From CBS Los Angeles on 2/24/15:
A former office manager for Holy Family Cathedral School in Orange was arrested Tuesday on charges of embezzling more than $400,000 from the school over a five-year period.
Adela Maria Tapia, 40, of Tustin, was arrested outside Mater Dei High School in Santa Ana as she dropped off one of her children for school, Senior Deputy District Attorney Marc Labreche said. She is accused of stealing about $438,000 between September 2006 and September 2011.
Tapia coordinated Holy Family’s scrip card program — fundraising cash cards which the school bought at a discount and sold at face value.The scrip card program raises about $200,000 for the school each year, prosecutors said.
Tapia allegedly took scrip cards from the school’s safe, sold them and kept the profits from those who paid cash, Labreche said. She also allegedly ordered scrip cards and pocketed the cash payments from selling them.
Labreche said Tapia sold the cards to family members, including an ordained deacon in the Diocese of Orange, for “lifestyle enhancement using other people’s money.” Prosecutors say Tapia used some of the stolen funds to buy luxury clothing and goods from department stores and to pay for tuition for her children at Holy Family Cathedral School and Mater Dei.
The alleged scheme was uncovered when Tapia was transferred to an office manager job and $120,000 in scrip cards were found missing.
The Diocese of Orange released the following statement:
“In 2012 Holy Family Cathedral School in Orange discovered that an employee had violated the trust of the school and parish through their mismanagement of the school’s scrip program. This employee was immediately released from their employment at the school after the irregularities in the scrips program were discovered and the matter was referred to law enforcement. After an exhaustive investigation the Orange County District Attorney has decided to pursue several criminal charges in this case.”

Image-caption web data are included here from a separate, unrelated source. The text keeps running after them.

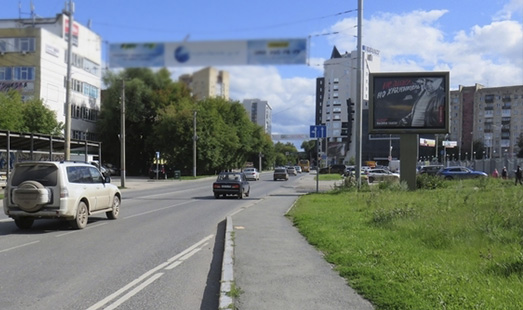 Пример размещения рекламы на ситибордах в Перми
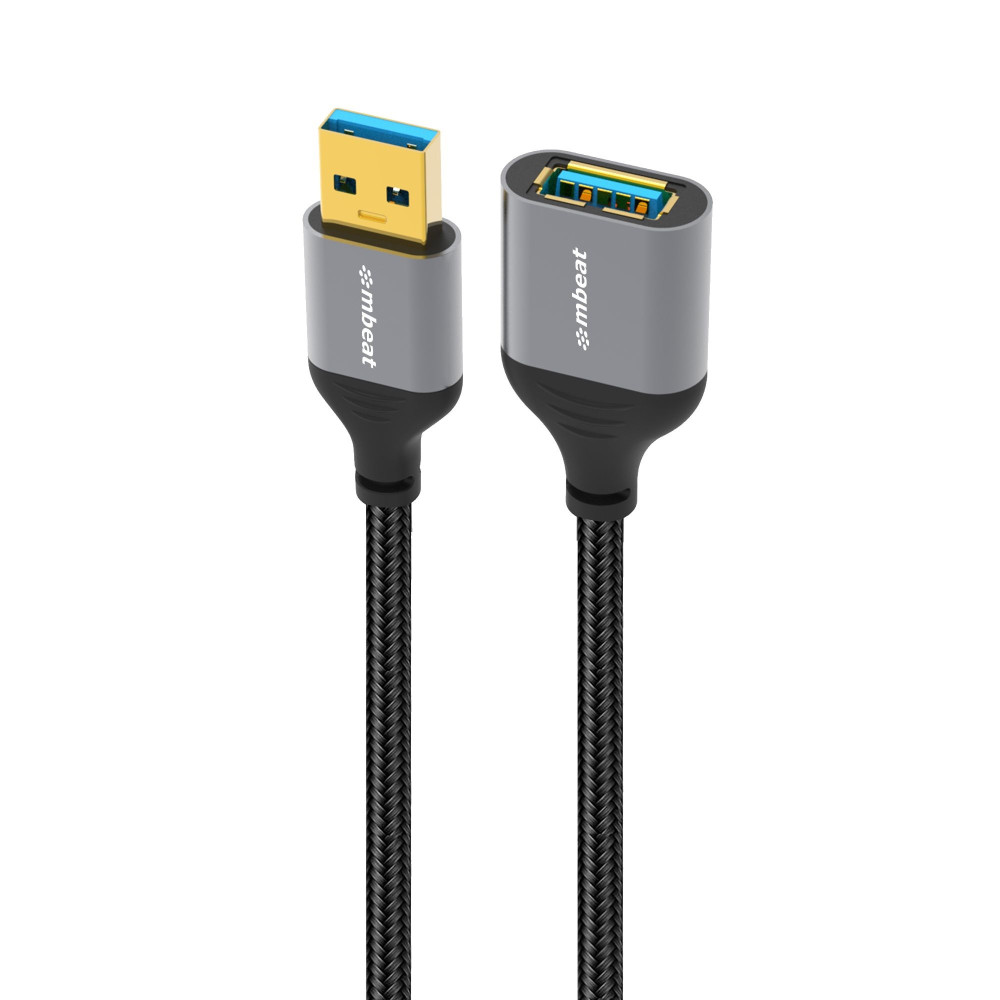 MBEAT MB-XCB-UMUF18 Tough Link 1.8m USB 3.0 to USB 3.0 Extension Cable Plug-and-Play Adaptive Practicality Speed: 5Gbps Package Weight: 96g - Image 1
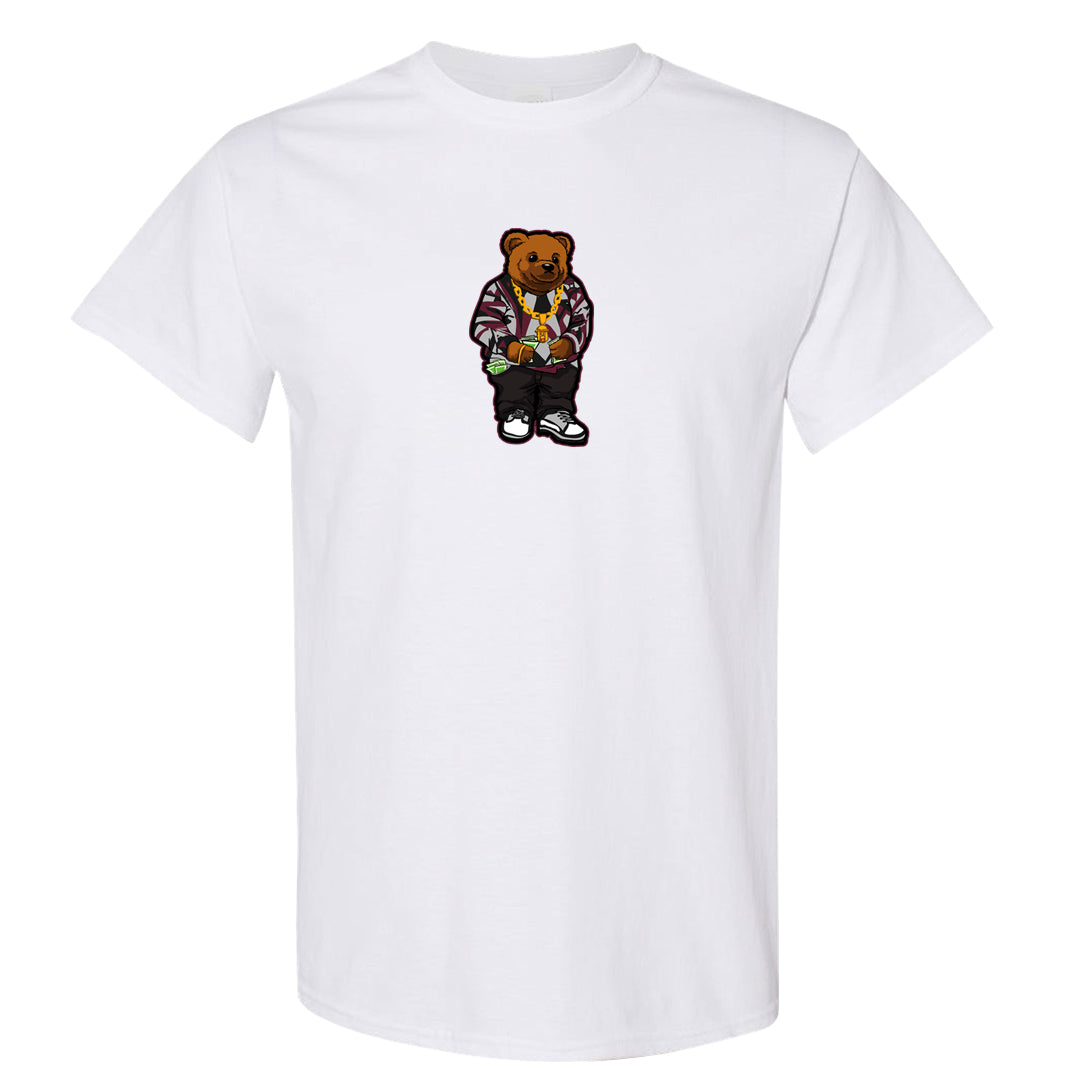 Summit White Rosewood More Uptempos T Shirt | Sweater Bear, White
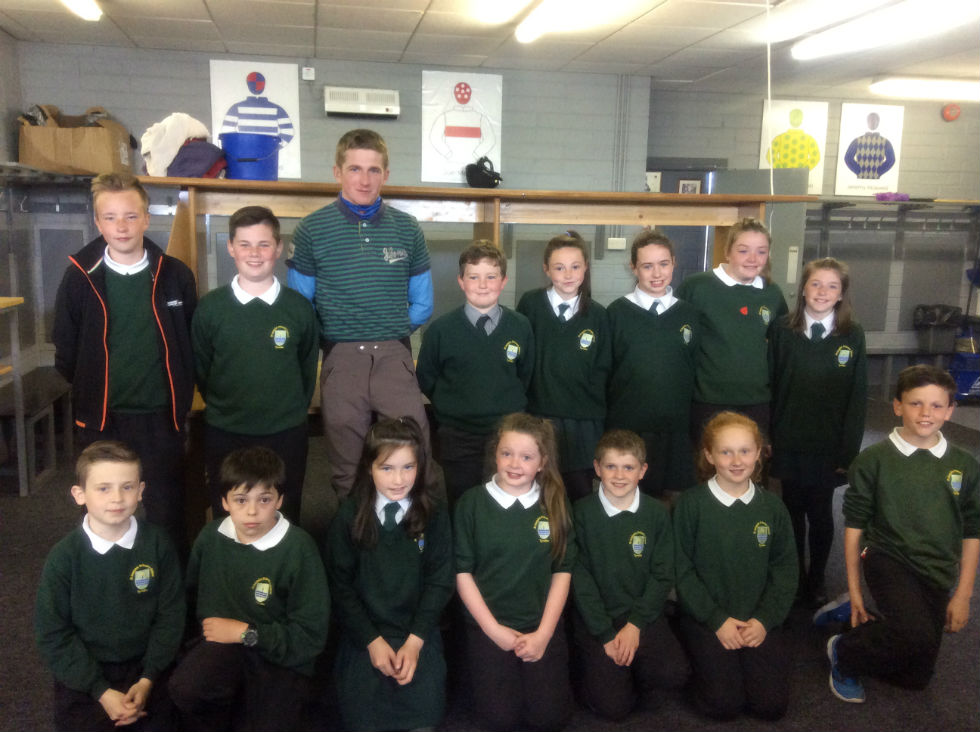 P6/7 Day at the Racecourse in Downpatrick 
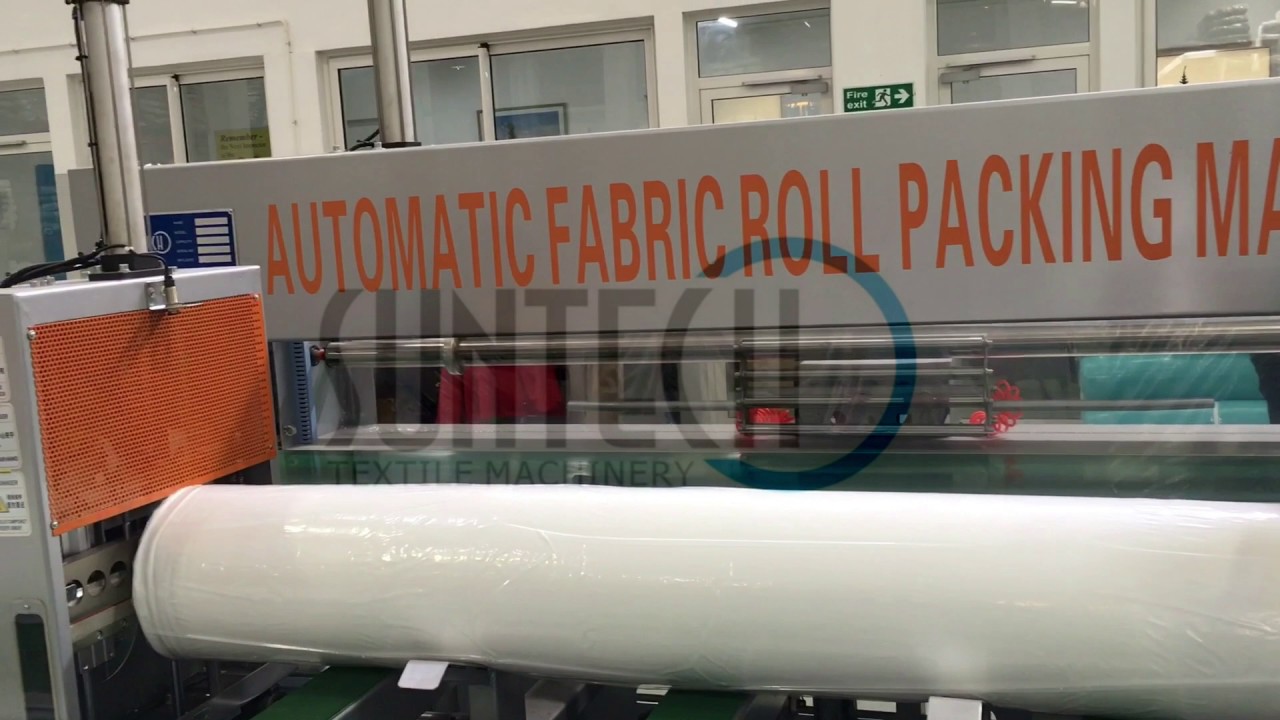 SUNTECH ST-ARPM Automatic Fabric Roll Packing Machine with smart ...
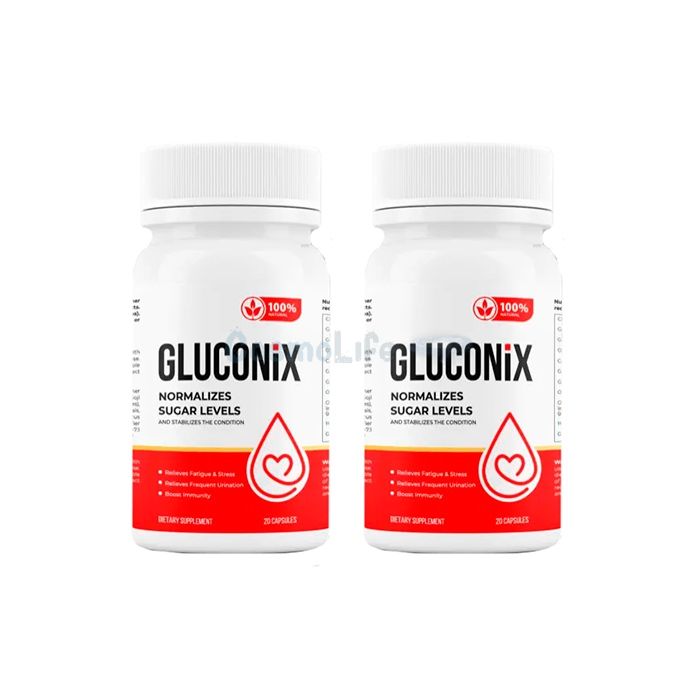 ✤ Gluconix - cápsulas para diabetes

The school has since “instituted more robust financial controls to ensure this issue is not repeated,” according to the statement.
Labreche said the Diocese has been fully cooperative in the investigation.
Tapia, who is charged with two felony counts of grand theft by embezzlement and 13 felony counts of money laundering, was scheduled to be arraigned Wednesday. She could face up to 14 years and four months in prison if she is convicted at trial.
The case took several years to investigate because of its complexity, Labreche said.
“There’s 83,000 pages of discovery (evidence) in this case,” Labreche said.